Saudi authorities are already planning spending cuts as the world’s biggest oil exporter seeks to shore up its public finances

Saudi Arabia may run out of financial assets needed to support spending within five years amid the drop in oil prices if the government maintains current policies, the International Monetary Fund said, underscoring the need of measures to cut the nation’s budget deficit.

The same is true of Bahrain and Oman in the six-member Gulf Cooperation Council, the IMF said in a report on Wednesday. Kuwait, Qatar and the United Arab Emirates have relatively more financial assets that could support them for more than 20 years, the Washington-based lender said.

Saudi authorities are already planning spending cuts as the world’s biggest oil exporter seeks to shore up its public finances. Officials have repeatedly said that the kingdom’s economy, the Arab world’s biggest, is strong enough to weather the plunge in crude prices.

But the IMF said measures being considered by oil exporters “are likely to be inadequate to achieve the needed medium-term fiscal consolidation,” the IMF said. “Under current policies, countries would run out of buffers in less than five years because of large fiscal deficits.”

The decline in the price of crude, which accounts for about 80 per cent of Saudi’s revenue, is prompting the government to delay projects and sell bonds for the first time since 2007. Even so, net foreign assets fell to the lowest level in more than two years in August, with the kingdom avoiding economic policies that could trigger social or political unrest.

The IMF expects Saudi’s budget deficit to rise to more than 20 per cent of gross domestic product this year and 19.4 per cent in 2016.

“Countries with fiscal buffers are right to use them to smooth their policy adjustment to support growth, but still need to pursue fiscal consolidation over the medium term because oil prices are expected to remain low,” the IMF said. “There is no room for complacency even if fiscal buffers appear strong.”

Net foreign assets fell for a seventh month to $654.5 billion at the end of August.
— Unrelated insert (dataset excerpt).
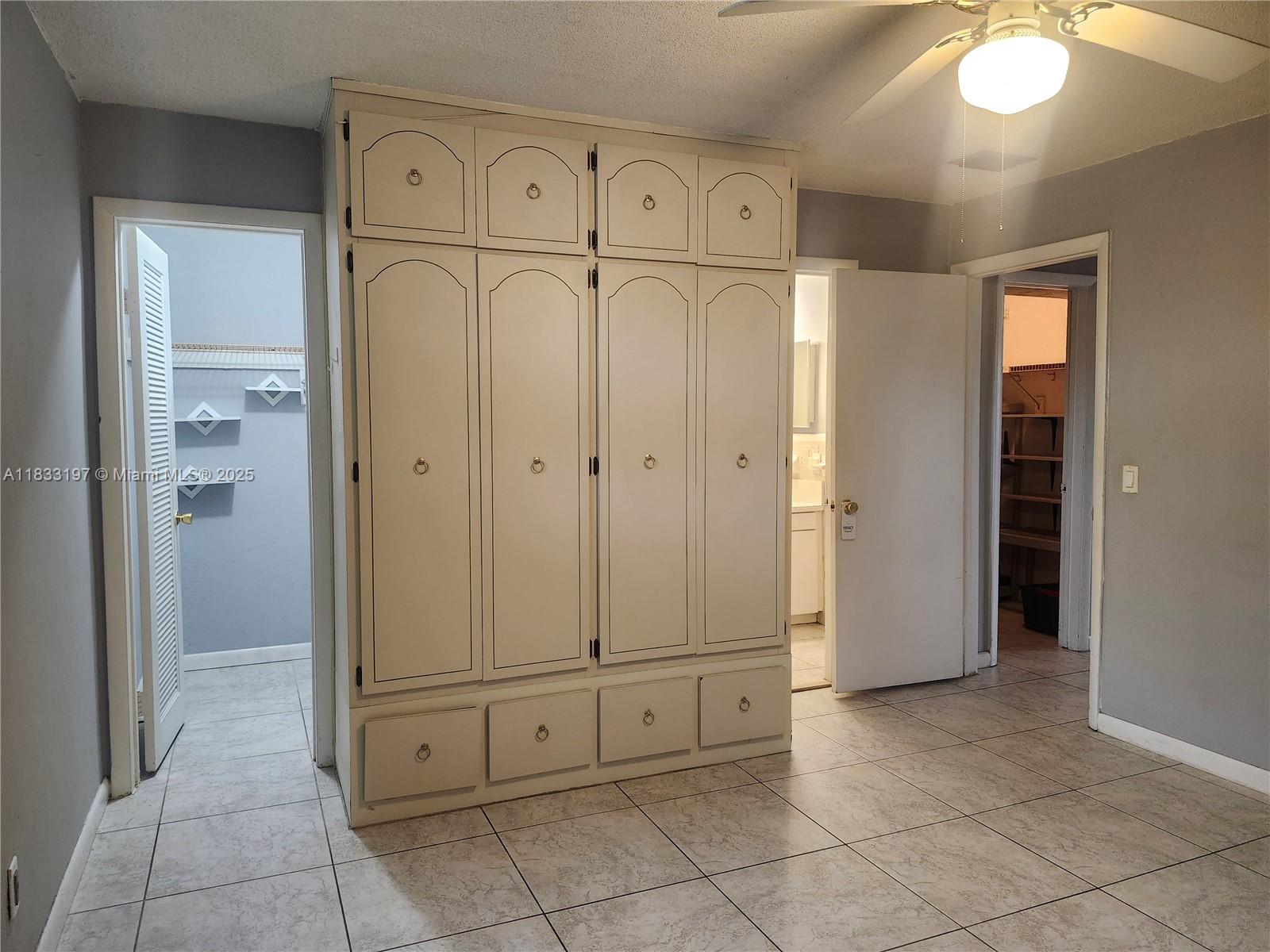 STRAND PLAZA CONDO - Residential Lease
Saudi Arabia has raised 55 billion riyals ($14.7 billion) from debt issuance this year. While the country’s debt-to-GDP ratio was below 2 per cent in 2014 — indicating capacity for more borrowing — the IMF expects it to grow to 17 per cent next year.

The world’s largest oil exporter has led the Organization of Petroleum Exporting Countries in boosting production to defend market share even as prices plunged below $50 a barrel, abandoning its previous role of cutting output to boost prices.

Analysts have said Oman and Bahrain face greater risks than their wealthier neighbours from the decline in crude prices, with less oil to sell, thinner fiscal buffers and in Bahrain’s case, more debt.

The IMF expects Oman’s budget deficit to widen to 17.7 per cent of GDP this year and 20 per cent in 2016. For Bahrain, the fund expects the shortfall to stand at 14.2 per cent in 2015 and 13.9 per cent next year.